A primeira coisa que faz o trabalhador pobretão quando consegue juntar
um dinheirinho a mais é comprar um fusquinha. Não importa que
seja uma carcaça de mil reais, o que ele quer é mostrar à
sociedade que também possui automóvel e nunca mais precisará
enfrentar ônibus lotado. Não sei por que estou falando desse jeito
se isto ocorreu exatamente comigo. Mal tinha dinheiro para manter a caranga
abastecida acima de um quarto de tanque e vivia enguiçando por falta
de gasolina. Passando mesmo por vexames hilariantes no meio do trânsito.
Mas estava feliz porque tinha o meu carrinho. Doido pra explorar a cidade, lá
me ia todo prosa, crente que abafava.
Havíamos ganhado linda angorá de uma amiga e, como não
tínhamos animais, aceitamos e, felizes, dirigimo-nos para casa, eu e
Mara, minha sorridente esposa que era só agrados para com a gata. Em
seu colo, no banco da frente, ela curtia os carinhos e os pelos brancos como
neve se arrepiavam de alegria. Pouco tempo depois a satisfação
de Mara virou estresse e agonia. A gatinha entrara no cio e passamos a ser hóspedes
de machos barulhentos e indesejáveis. Viviam nos infernizando e à
vizinhança que nos intimou a desfazer do animal. Um belo dia chego e
encontro Mara histérica de tanto ódio.
- Você precisa desaparecer daqui com este bicho imediatamente. Faltou
pouco pra eu sair no tapa com aquela jararaca aí do lado.
- O que aconteceu?
- Acabou de sair daqui. Veio só para me xingar e nos ofender. Diz que
seu quintal vive sujo e fedorento depois que os gatos passaram a andar por lá
todas as noites. Mete a angorá no carro e largue-a bem longe, por favor.
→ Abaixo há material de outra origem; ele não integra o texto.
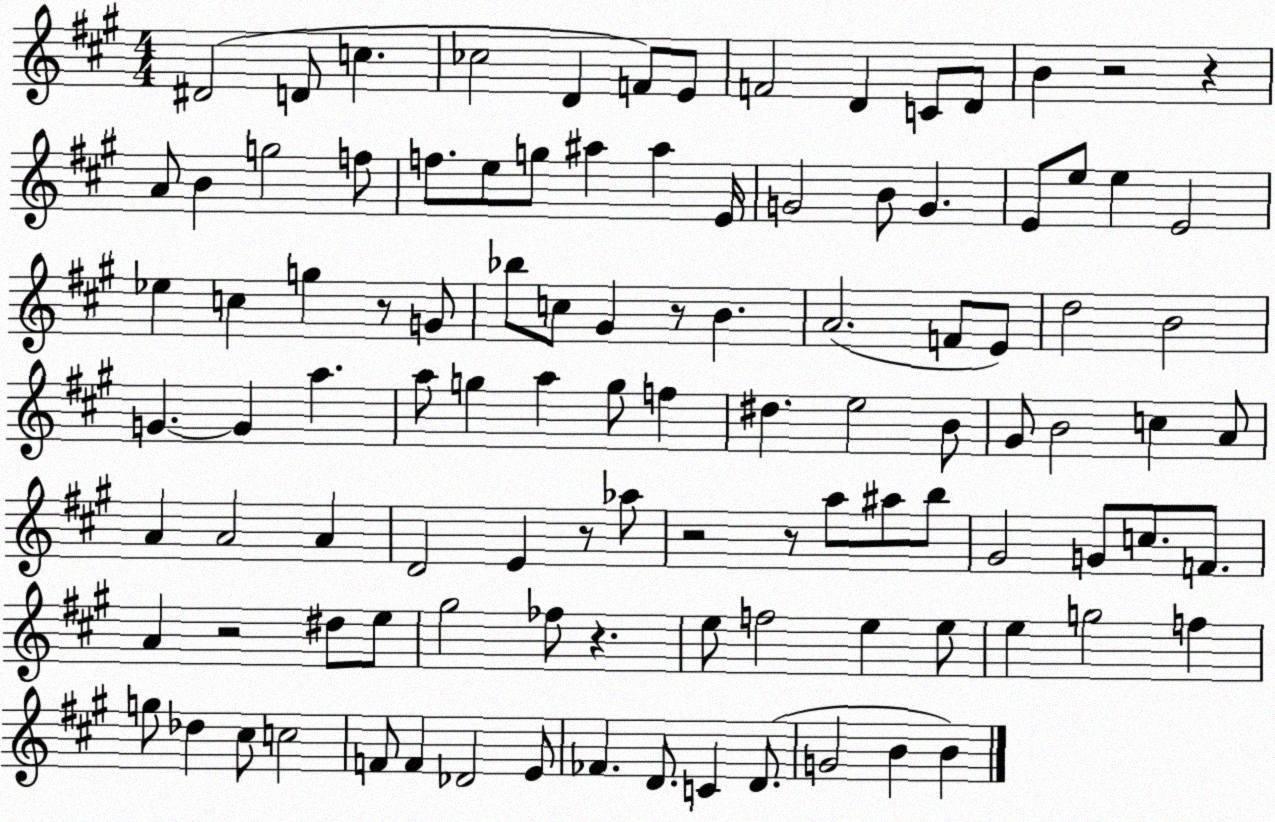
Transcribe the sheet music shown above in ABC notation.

X:1
T:Untitled
M:4/4
L:1/4
K:A
^D2 D/2 c _c2 D F/2 E/2 F2 D C/2 D/2 B z2 z A/2 B g2 f/2 f/2 e/2 g/2 ^a ^a E/4 G2 B/2 G E/2 e/2 e E2 _e c g z/2 G/2 _b/2 c/2 ^G z/2 B A2 F/2 E/2 d2 B2 G G a a/2 g a g/2 f ^d e2 B/2 ^G/2 B2 c A/2 A A2 A D2 E z/2 _a/2 z2 z/2 a/2 ^a/2 b/2 ^G2 G/2 c/2 F/2 A z2 ^d/2 e/2 ^g2 _f/2 z e/2 f2 e e/2 e g2 f g/2 _d ^c/2 c2 F/2 F _D2 E/2 _F D/2 C D/2 G2 B B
Foi o que fiz, naquela mesma tarde. Guiei até a outra extremidade do
bairro e deixei a pobre coitada em uma praça. Ela mesma saltou do carro
e se aconchegou sobre o banco de um jardim. Fechei rapidamente a porta e parti,
não sem uma pontinha de tristeza no coração. Menos de cinco
minutos me separavam de casa.
- Pronto, pode ficar tranquila, os gatos não incomodarão
mais - disse ao chegar.
- Tem certeza? - discordou Mara, sinalizando-me a sala. Entrei e, qual não
foi a minha surpresa. Ali estava a angorá, indiferente e descontraída,
como se nada tivesse acontecido.
Na manhã do dia seguinte, por ser domingo, dediquei um pouco mais te
tempo a nossa amiguinha, levando-a para bem mais longe. Dirigi por mais de quarenta
minutos e quase saí da cidade. A bichana dormia tranquila e feliz.
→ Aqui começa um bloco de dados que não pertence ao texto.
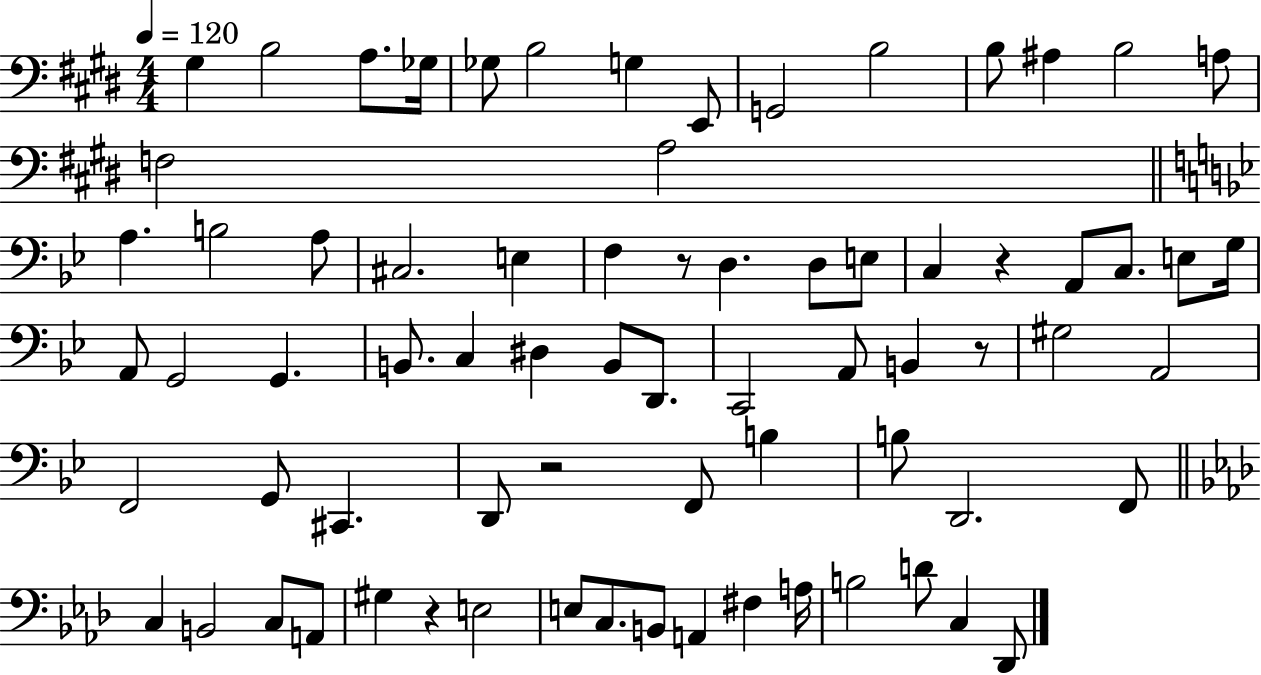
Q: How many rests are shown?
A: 5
Peguei-a no colo ao descer e atravessei a ponte de um rio. Larguei-a num matagal
e voltei para casa; não sem antes parar em um boteco e beber um pouco
com alguns amigos. A fome apertou, eu me despedi e entrei no carro. Mal sentei
ao volante, tomei um grande susto. Sobre meu colo, pulou, vindo do banco traseiro,
um gato, melhor dizendo, uma gata.
Pasmo, retornei à casa. Sequer tentei explicar a Mara o ocorrido, acho
que não acreditaria. O fim de semana seguinte foi inacreditável.
No sábado, logo após o almoço, peguei o animal e o enfiei
na mala do automóvel. Visitei parentes, passei pela praia e só
retornei depois de rodar a cidade inteira e abandonar a gata na mais escura
das ruas entre oito e nove da noite. Cheguei exaurido, mas acho que valeu a
pena. Não valeu. Adivinha o que encontrei ao abrir a porta da sala na
manhã seguinte? Adivinhou: a própria.
Não quis saber de outra coisa naquele domingo. Aos diabos a televisão,
a cerveja e os amigos. Livrar-me daquele estorvo era tudo que me importava a
esta altura; uma questão de conveniência. Sendo assim, enchi pela
primeira vez o taque do carro. Guiei, guiei e guiei... Quando olhei para o marcador
e calculei a distância, parei satisfeito. Abri a mala e tirei o cesto.
Removi a tampa. A bicha estava lá, mansinha como sempre. Voltei ao volante.
Após reabastecer e andar alguns quilômetros, dei uma parada e fui
até um orelhão.
- Amor - disse, quando Mara atendeu -, me faz um favor. Pede a essa gata pra
vir aqui me buscar porque não estou sabendo voltar pra casa.